Now we will extract the outliers data.

data_cooksdplot <- cooksdplot$data
ind_outlier <- data_cooksdplot$color == "outlier"
train_clean <- train[ind_outlier == FALSE,]
train_outlier <- train[ind_outlier == TRUE,]

After extracting the outliers data, we recreate a model without outliers.

model_bo_clean <- lm(price ~ carat + cut + color + clarity + depth + table + z, data = train_clean)

get_regression_summaries(model_bo_clean)

Testing the Normality Assumption

srs <- studres(model_bo_clean)
hist(srs, freq=FALSE, 
     main="Distribution of Studentized Residuals",
     breaks=100)
xfit<-seq(min(srs),max(srs),length=100) 
yfit<-dnorm(xfit)
lines(xfit, yfit)

ks.test(model_bo_clean$residuals, y = train_clean$price)
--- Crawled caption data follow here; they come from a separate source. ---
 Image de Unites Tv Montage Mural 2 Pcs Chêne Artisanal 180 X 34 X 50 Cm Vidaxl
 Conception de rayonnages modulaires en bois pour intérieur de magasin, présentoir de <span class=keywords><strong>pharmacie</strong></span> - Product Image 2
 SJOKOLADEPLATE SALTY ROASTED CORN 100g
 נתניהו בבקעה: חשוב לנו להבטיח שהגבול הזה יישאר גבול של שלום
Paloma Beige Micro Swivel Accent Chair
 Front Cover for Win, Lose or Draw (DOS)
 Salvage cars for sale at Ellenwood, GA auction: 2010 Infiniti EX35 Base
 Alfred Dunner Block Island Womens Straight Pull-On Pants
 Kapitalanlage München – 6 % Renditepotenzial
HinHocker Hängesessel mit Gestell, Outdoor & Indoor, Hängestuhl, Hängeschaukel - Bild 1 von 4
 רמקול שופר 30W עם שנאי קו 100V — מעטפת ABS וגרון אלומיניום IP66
## Warning in ks.test(model_bo_clean$residuals, y = train_clean$price): p-value
## will be approximate in the presence of ties

## 
##  Two-sample Kolmogorov-Smirnov test
## 
## data:  model_bo_clean$residuals and train_clean$price
## D = 0.79989, p-value < 2.2e-16
## alternative hypothesis: two-sided

H0: The data follow a specified distribution HA: The data do not follow the specified distribution

Because our p-value is <0.5, then the H0 is rejected, so our data is not normally distributed.
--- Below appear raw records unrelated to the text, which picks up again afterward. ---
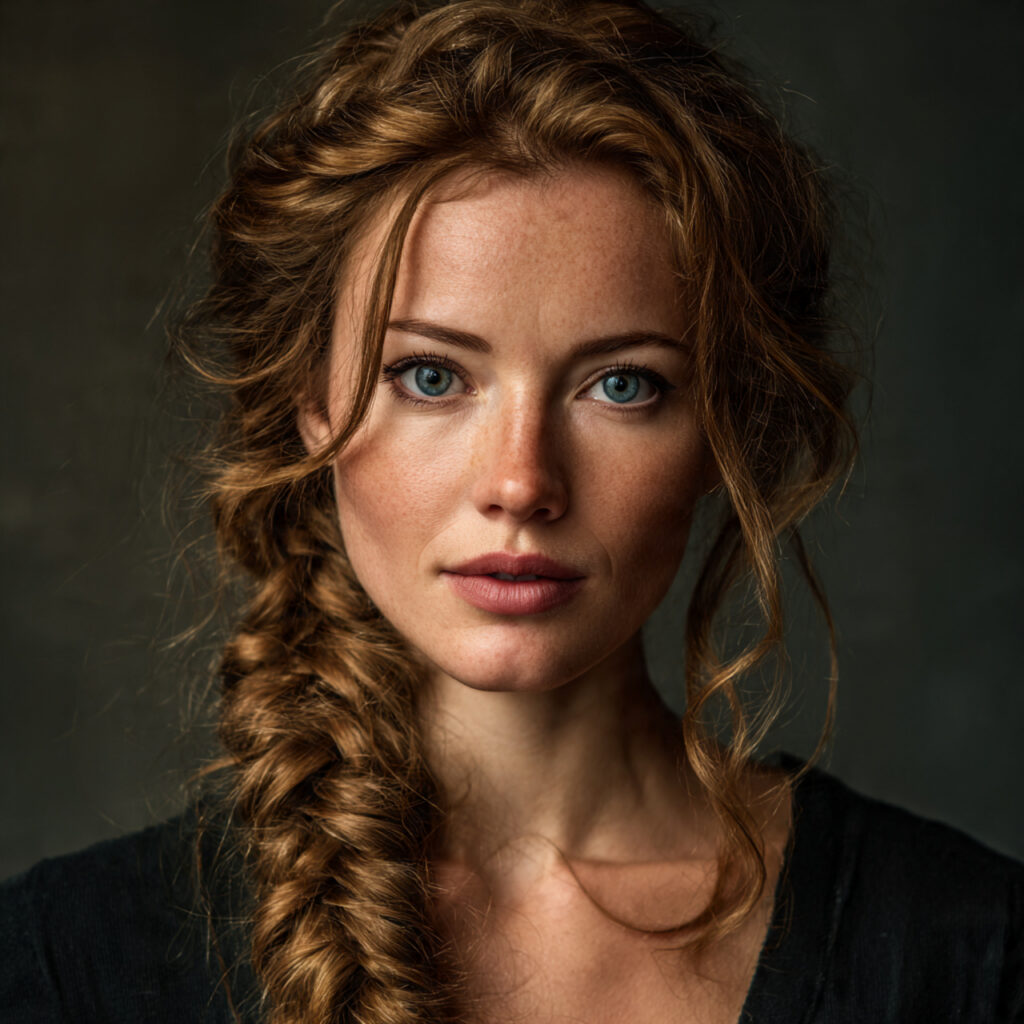 Messy Side Swept Fishtail Idea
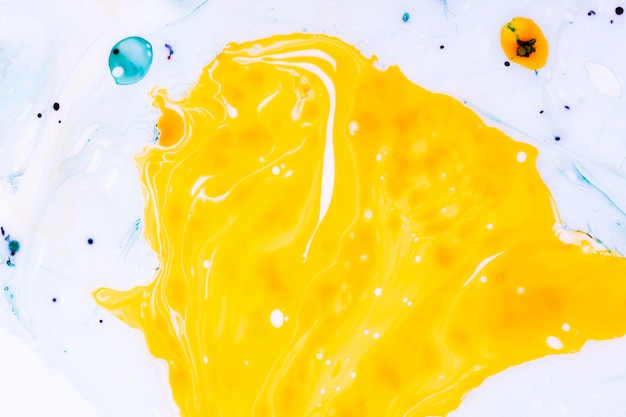 Free photo abstract big yellow stain with shades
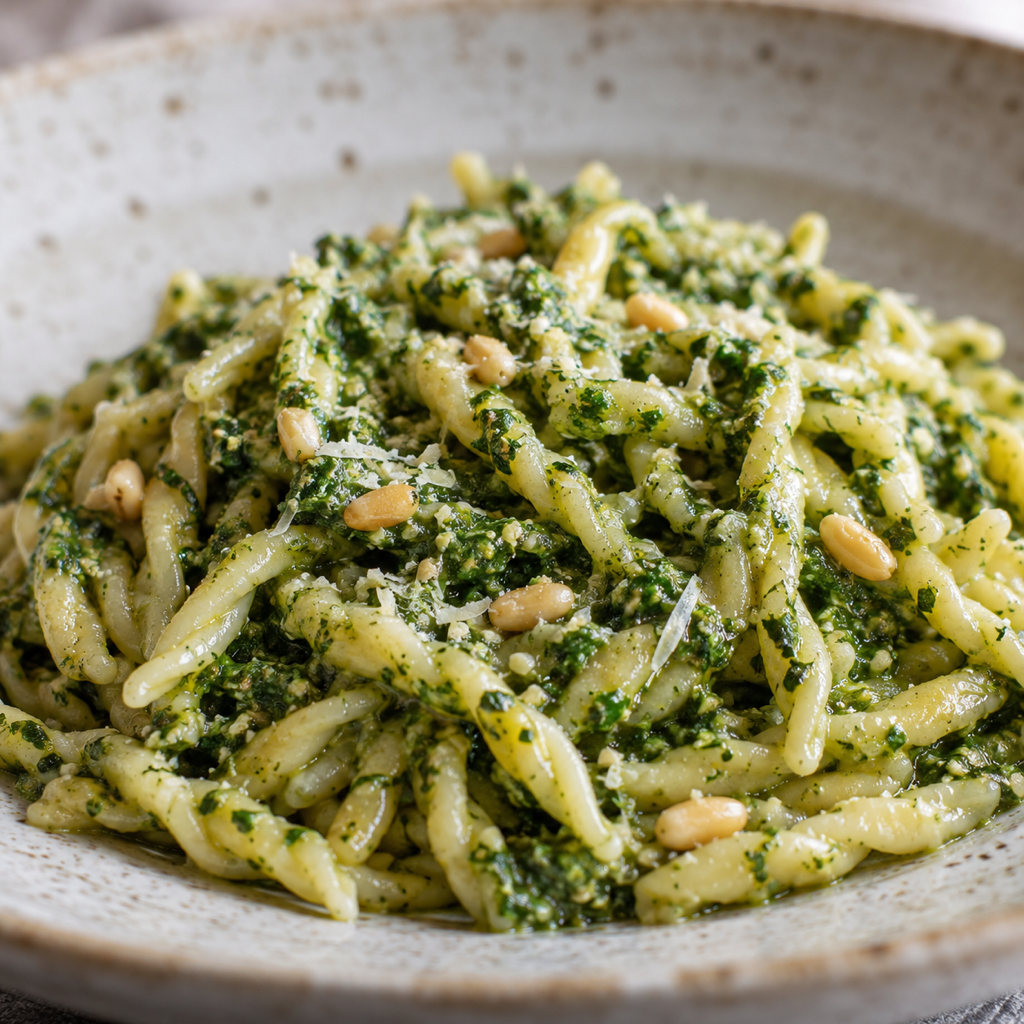 Trofie al Pesto Genovese（ジェノヴェーゼペストのトロフィエ）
*Heteroskedasticity Test**

bptest(model_bo_clean)

## 
##  studentized Breusch-Pagan test
## 
## data:  model_bo_clean
## BP = 7456.8, df = 21, p-value < 2.2e-16

H0 : Residual Homoscedasticity HA : Residual Heteroscedasticity

Because our p-value is <0.5, then the H0 is rejected, so our data error is heteroscedastic, it means our data is not too suitable to use this regression model.

par(mfrow = c(2,2))
plot(model_bo_clean)

Visually, there is not much improvement by removing the outlier. In the next section, we will try to predict using all our built models.

Prediction

Create objects that contain predicted values.

pred_single <- predict(model_single, test)
pred_full <- predict(model_full, test)
pred_bo_vif <- predict(model_bo_vif, test)
pred_bo_clean <- predict(model_bo_clean, test)

Now we will computes the root mean squared error between each of predictions and the test data.

library(MLmetrics)

## Warning: package 'MLmetrics' was built under R version 3.6.2

## 
## Attaching package: 'MLmetrics'

## The following object is masked from 'package:base':
## 
##     Recall

RMSE(pred_single, test$price)

## [1] 1545.377

RMSE(pred_full, test$price)

## [1] 1110.493

RMSE(pred_bo_vif, test$price)

## [1] 1181.229

RMSE(pred_bo_clean, test$price)

## [1] 1431.266

Conclusion

Our model summary:

1. Model with single predictor: Carat

• RMSE: 1545.377
• Adj. R-squared: 0.85

2. Model with all predictors

• RMSE: 1110.493
• Adj. R-squared: 0.92

3. Model with feature selection (from step using both method)

• RMSE: 1181.229
• Adj. R-squared: 0.92

4. Model with removed outlier

• RMSE: 1431.266
• Adj. R-squared: 0.959

By looking at the RMSE, we will choose either option 2 or 3 for our model.